BROWN: Coming up next: the green light for one more day of testing in the Gulf, as the feds and BP try to explain what's happening now with the ruptured well.

And Sarah Palin tweets about those plans to build the mosque near ground zero speaking in fluent Palinese -- coming up.

(COMMERCIAL BREAK)

BROWN: Despite test results showing possible methane gas leaks and seepage and unusual pressure readings, the BP well in the Gulf will stay sealed another day. That is the latest word from the man in charge of the government's response, Thad Allen.

Thad called -- or Allen, rather, called the seepage minor four days after BP halted the leak with a new cap. Take a listen.

(BEGIN VIDEO CLIP)

ADMIRAL THAD ALLEN (RET.), NATIONAL INCIDENT COMMANDER: The small seepages we are finding right now do not present, at least at this point, any indication that there is a threat to the wellbore. If we think that was going to happen, we would be taking immediate action.

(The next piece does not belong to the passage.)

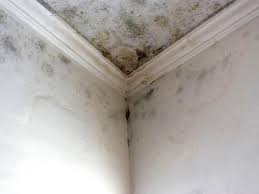 Reliable Roland, OK Mold Removal Solutions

Now, having said that, if there is any indication of a precipitous drop in pressure or any reason why we might need to do something about it, we would need to have to vent immediately to let -- relieve the pressure on the well and move to longer-term containment.

(END VIDEO CLIP)

BROWN: And David Mattingly is joining us right now from New Orleans.

And, David, why does Admiral Allen think that the seepage, think that these pressure readings and the leaks are not a problem?

DAVID MATTINGLY, CNN CORRESPONDENT: Well, that primary area of seepage that they have been talking about is about two miles or so away from the well itself.

They don't believe it is actually a part of this well or part of the reservoir that this well is tapped into. But they are doing some tests. They are going to make sure, as they go along, and they are going to continue to watch it, just as they are watching everything else around in the area.

They are using specialized equipment that can sort of detect these sort of -- these methane gases that are in the water. They have encountered some anomalies, and they are watching that as well.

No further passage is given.